16ヵ国87施設で約800例を登録し無作為化試験、約2年追跡
 KEYNOTE-006試験は、16ヵ国の大学・病院・がんセンター87施設で行われた多施設共同非盲検無作為化第III相試験である。2013年9月18日~2014年3月3日に、18歳以上、ECOG PS 0〜1、RECIST v1.1による測定可能病変1つ以上、全身治療歴(抗CTLA-4、PD-1、PD-L1薬は除く)1回以下、イピリムマブ未治療の、切除不能または転移性(III期/IV期)悪性黒色腫患者(ぶどう膜または眼内悪性黒色腫は除く)834例を、ペムブロリズマブ10mg/kgの2週間間隔投与(Q2W)群、10mg/kgの3週間間隔投与(Q3W)群またはイピリムマブ3mg/kgの3週間間隔投与群(最高4回投与)に1対1対1の割合で無作為に割り付けた。全身ステロイド療法を必要とする活動性の脳転移または自己免疫疾患がある患者は除外された。

 主要評価項目は、intention-to-treat集団(無作為化された全患者)におけるOS(無作為化から死亡までの期間)である。奏効は、12週時、その後48週までは6週ごと、以降は12週ごとに、独立した中央判定によりRECIST v1.1に基づいて評価された。生存は12週ごとに評価され、全患者を最低21ヵ月間追跡した後に最終解析が実施された。安全性解析対象集団は、治験薬を少なくとも1回投与されたすべての無作為割り付けされた患者とした。

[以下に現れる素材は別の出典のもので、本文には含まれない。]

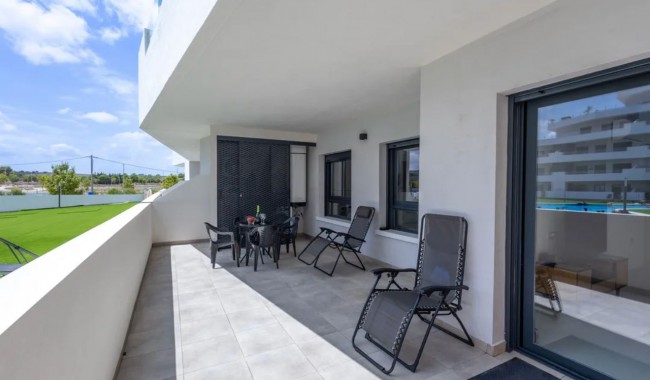 Resale - Bungalow - San Miguel de Salinas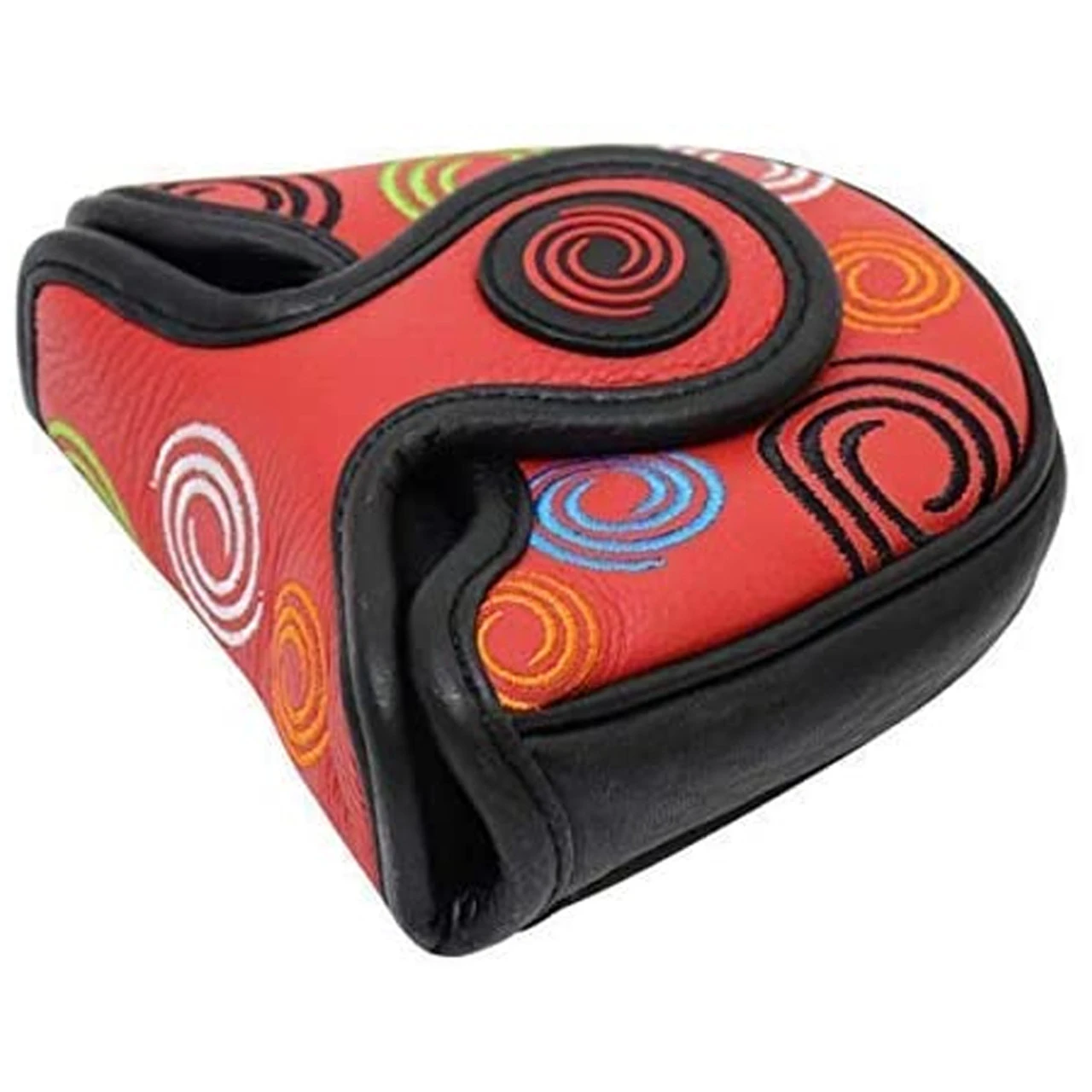 Odyssey Golf Odyssey Tour Swirl Mallet Putter Headcover 4 Odyssey Golf Odyssey Tour Swirl Mallet Putter Headcover - Image 4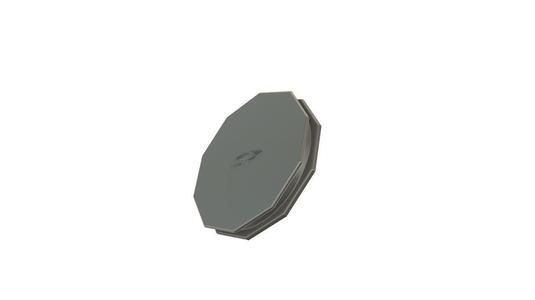 SD card holder for car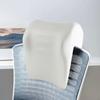 Neck Support Pillow for Office Chair, Memory Foam,Attachment Cushion,Supportive Headrest Head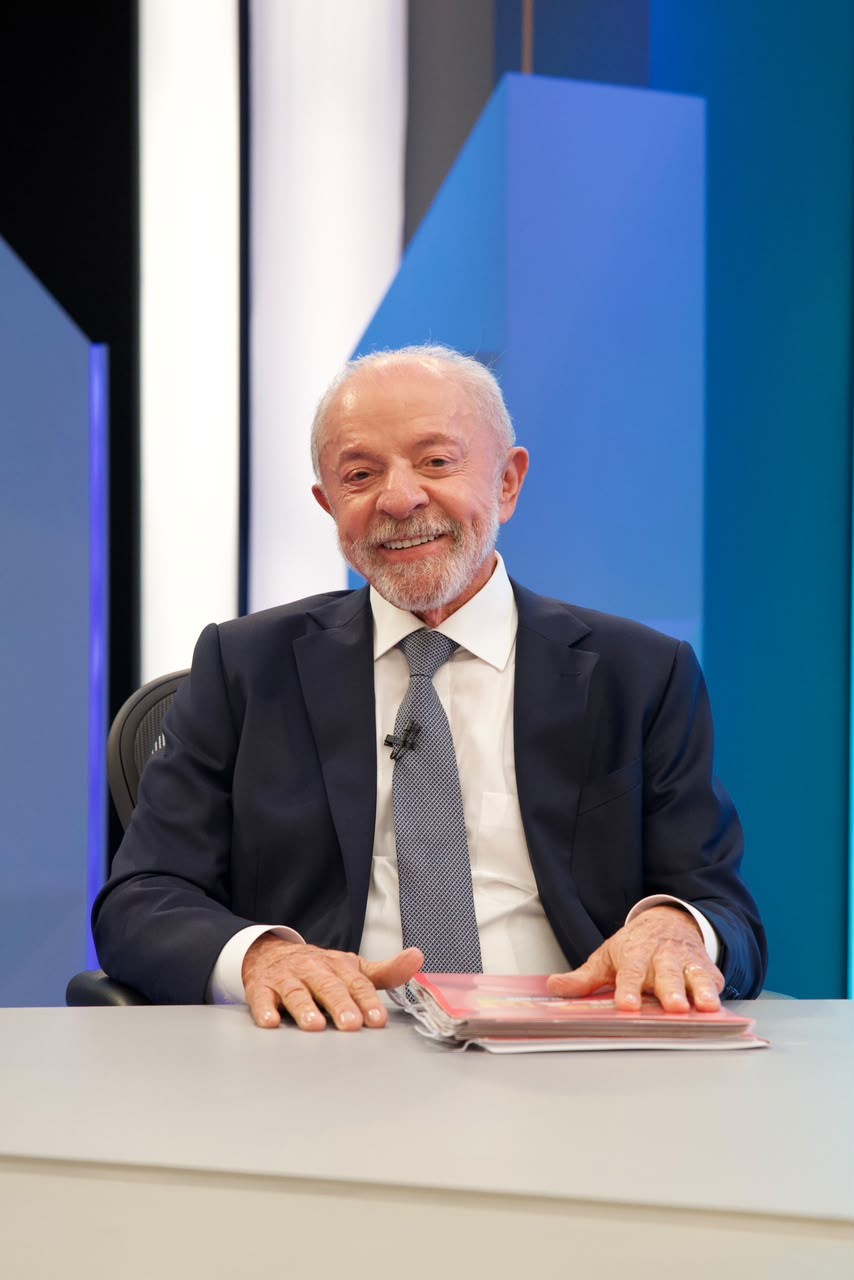 Em busca de virada, Lula faz ‘despedida’ do Nordeste antes do segundo turno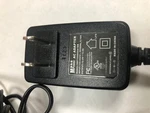 Genuine Masspower Sdf1200050a1bb) 12v 0.5a Ac Adapter / Power Supply. Fixed Price $14.96.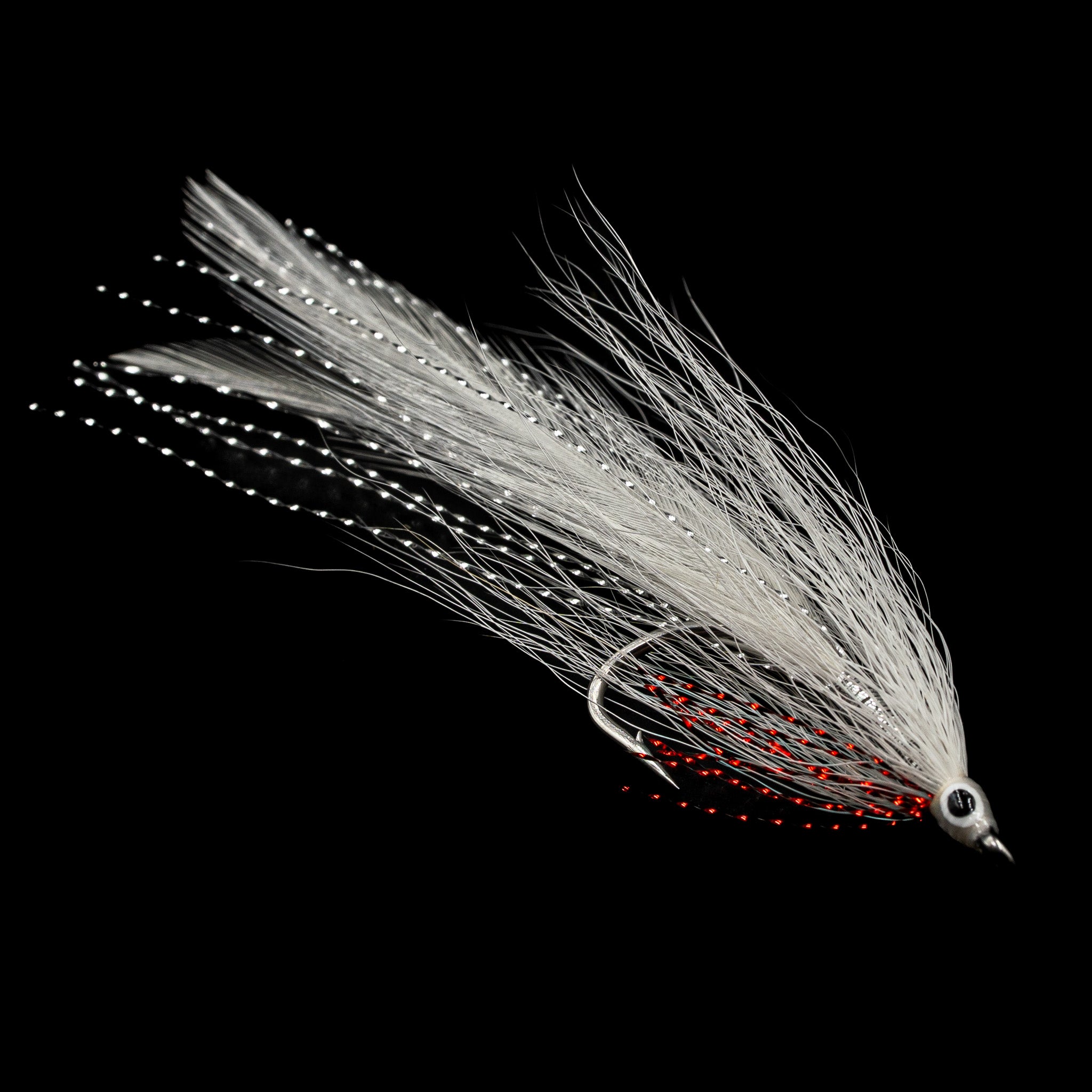 DAT Deceiver – Saltwater Baitfish Fly - image 3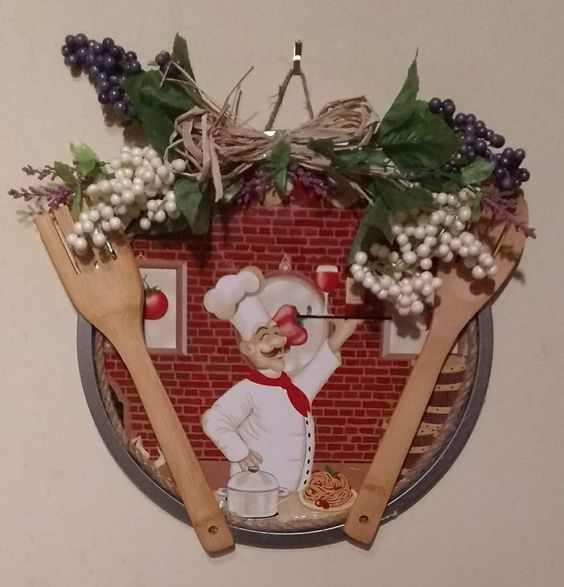 75+ Stunning DIY Dollar Store Pizza Pan Crafts That Look so Chic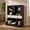 Brown, variant on Barara King Kids Storage Unit Bookshelf,Toy Storage Organizer,Freestanding Combo Cubby Bin Storage Organizer Unit W/3 Baskets-Gray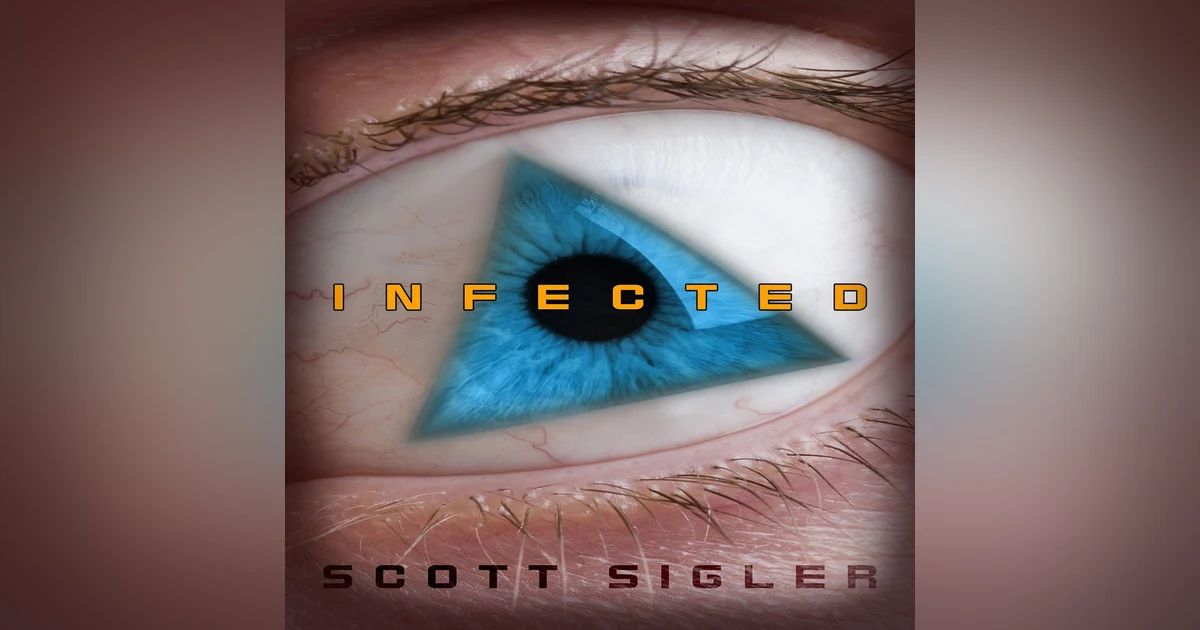 411 Item 143 - Scott Sigler with the Infected Podiobook interview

データカットオフ日は2015年12月3日であった。

イピリムマブと比較して、ペムブロリズマブ群でOSが有意に改善
 無作為化された834例(Q2W群279例、Q3W群277例、イピリムマブ群278例)のうち、Q2W群1例およびイピリムマブ群22例が同意を取り下げて治療を受けなかったため、安全性解析対象集団は811例となった。

 追跡期間中央値22.9ヵ月において383例が死亡した。OS中央値は、ペムブロリズマブ両群で未到達、イピリムマブ群で16.0ヵ月であった。イピリムマブ群に対するハザード比(HR)は、Q2W群0.68(95%信頼区間[CI]:0.53~0.87、p=0.0009)、Q3W群0.68(0.53~0.86、p=0.0008)であった。24ヵ月OS率は、Q2W群55%、Q3W群55%、イピリムマブ群は43%であった。